■ TASK REQUIREMENTS
Return the data exactly, without pictures.

■ SUPPLIED MATERIAL
********************

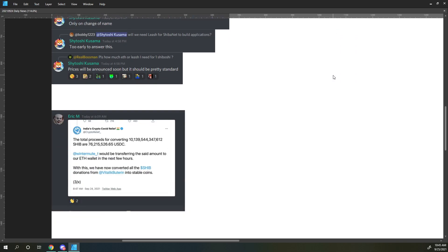And Eric posted that the Indian Crypto COVID Relief Twitter account said the total proceeds converting 10 trillion SHIB are $76 million USDC, and Wintermute would be transferring the set amount to our ETH wallet in the next few hours. With this, we have now converted all the SHIB donations from VB into stablecoins.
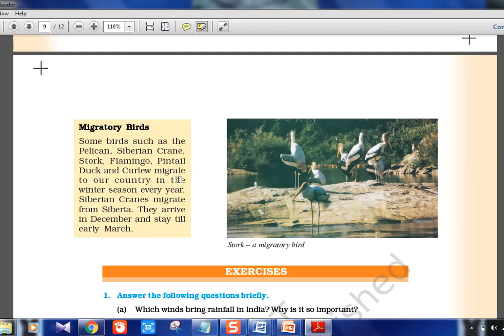Migratory birds are also in the news. The Amur Falcon, always in news, starts from Siberia and goes to South Africa, stopping at Nagaland in between — making it important for India. Other migratory birds that visit India include Siberian Crane, Pelican, Stork, Flamingo, and Pintail Duck.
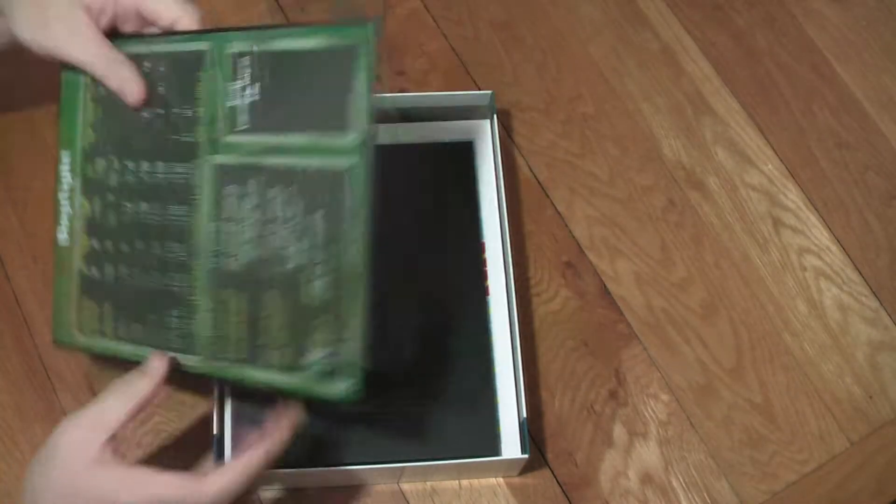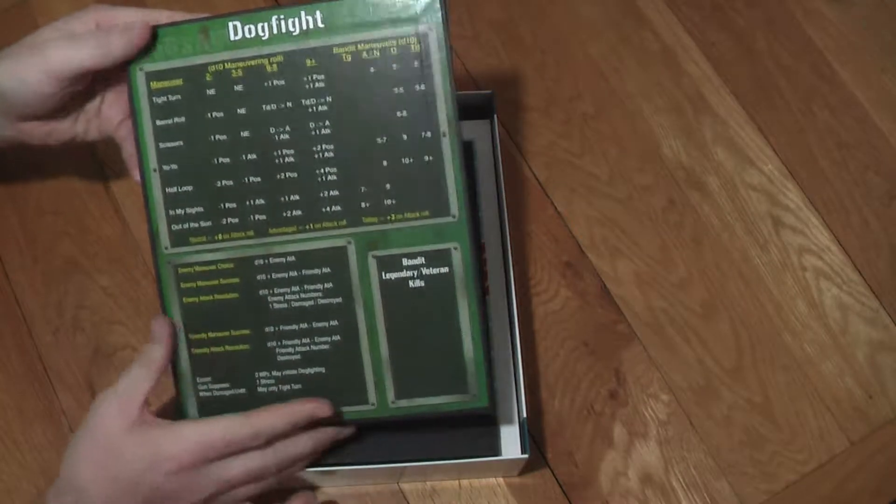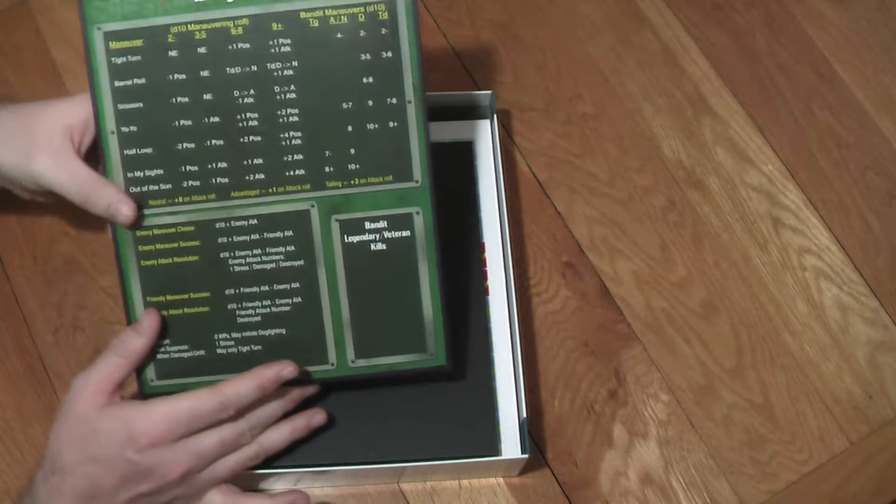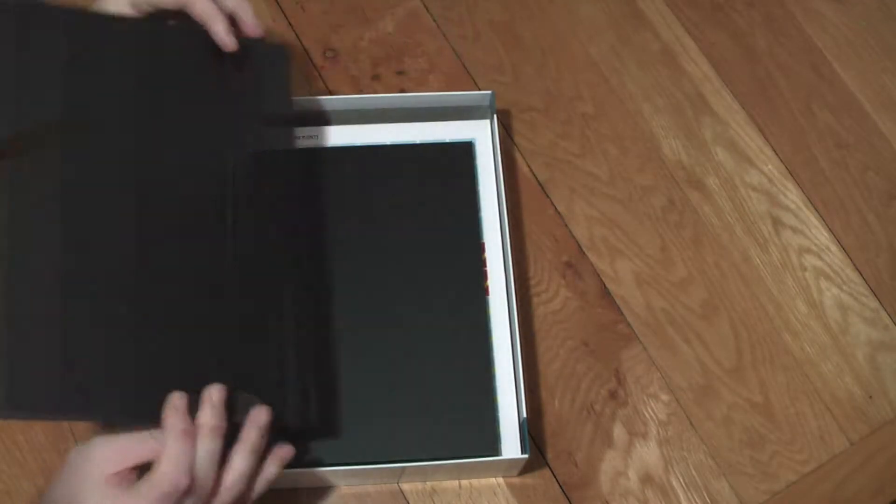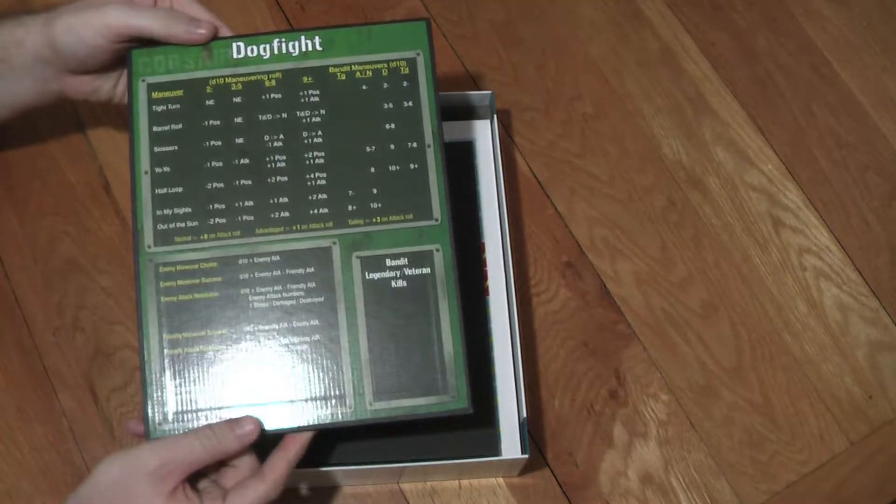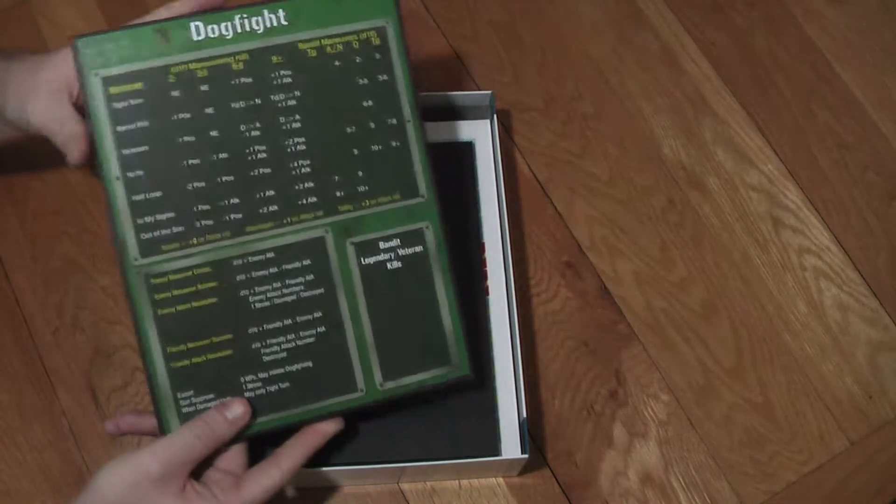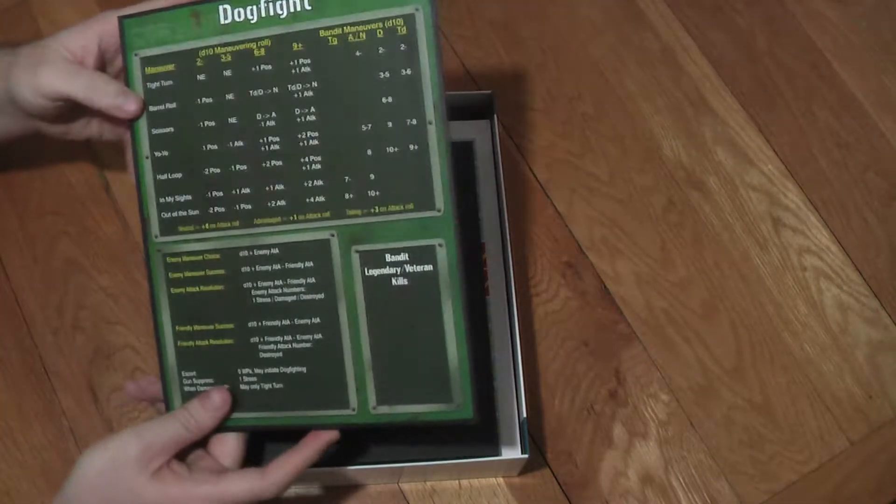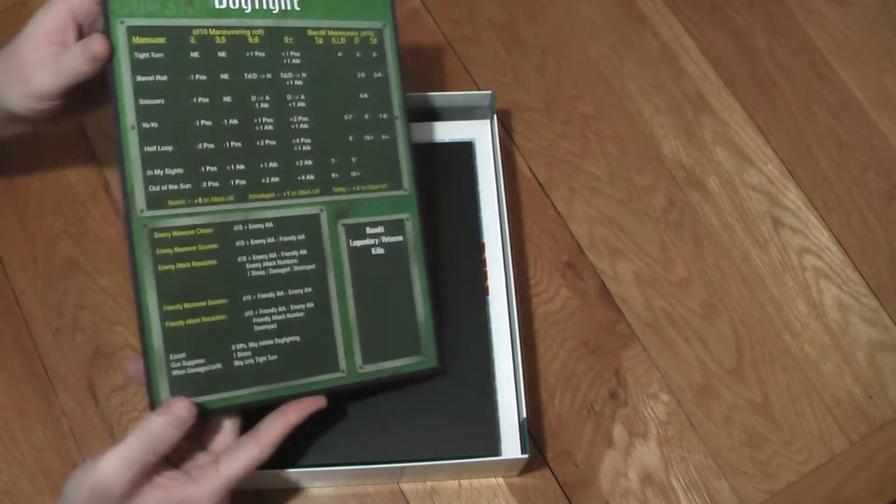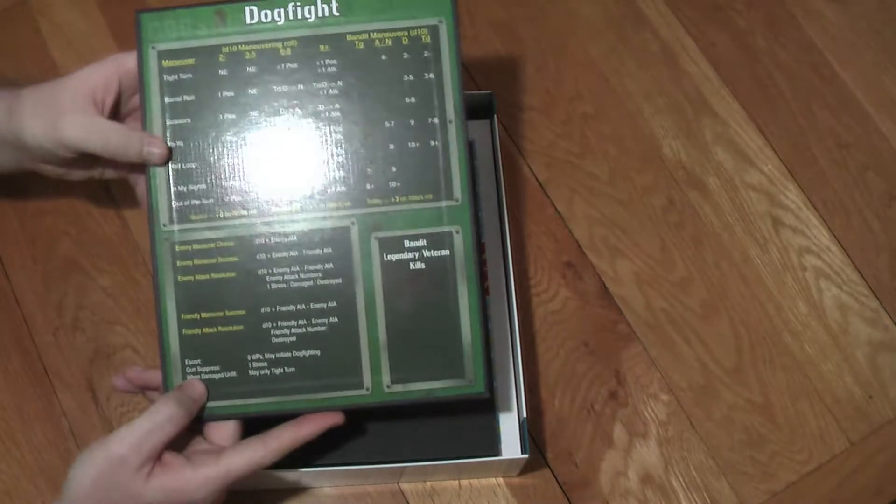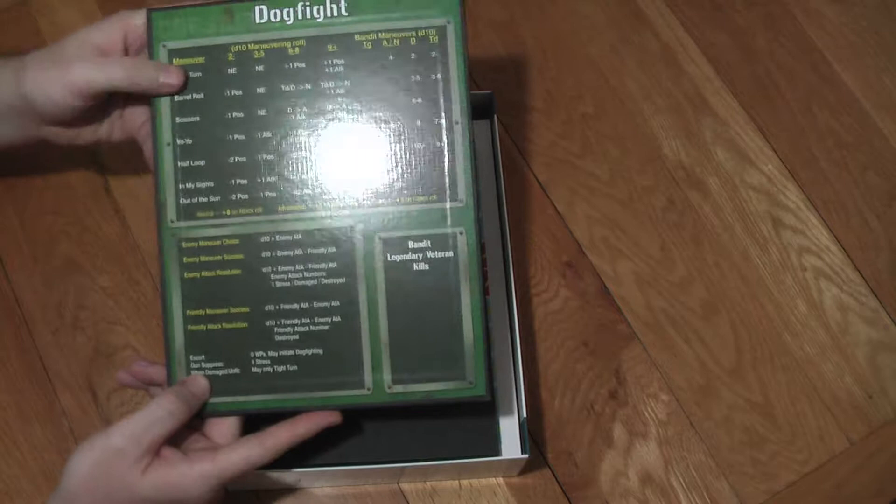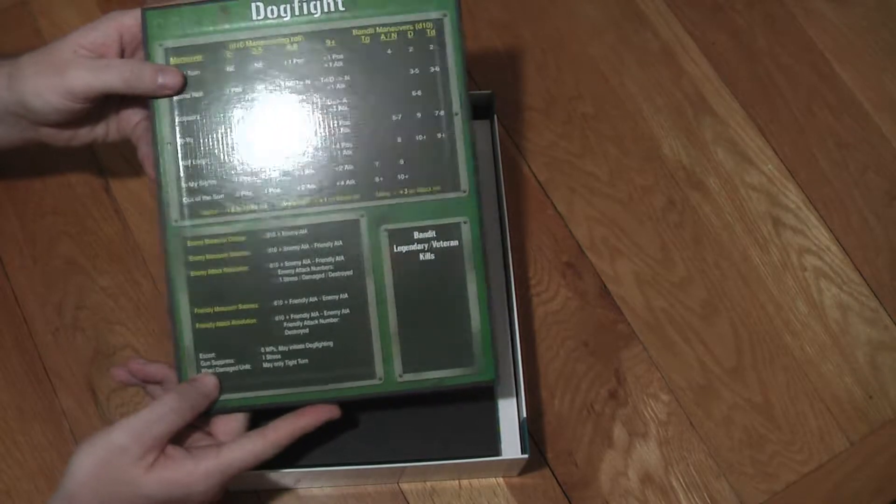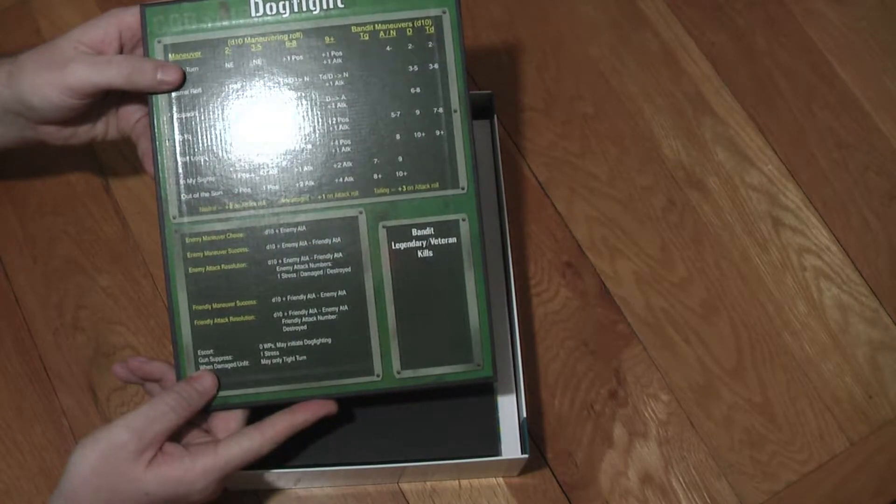So that's the rule book and then we come to some nice mounted maps. Now I should say that this was a Kickstarter game and the stretch goals included mounted maps. So what we've got is probably one and a half millimeter card backed onto the tables and the charts here.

********************

■ SOLUTION TO THIS TASK
And Eric posted that the Indian Crypto COVID Relief Twitter account said the total proceeds converting 10 trillion SHIB are $76 million USDC, and Wintermute would be transferring the set amount to our ETH wallet in the next few hours. With this, we have now converted all the SHIB donations from VB into stablecoins.
Migratory birds are also in the news. The Amur Falcon, always in news, starts from Siberia and goes to South Africa, stopping at Nagaland in between — making it important for India. Other migratory birds that visit India include Siberian Crane, Pelican, Stork, Flamingo, and Pintail Duck.
So that's the rule book and then we come to some nice mounted maps. Now I should say that this was a Kickstarter game and the stretch goals included mounted maps. So what we've got is probably one and a half millimeter card backed onto the tables and the charts here.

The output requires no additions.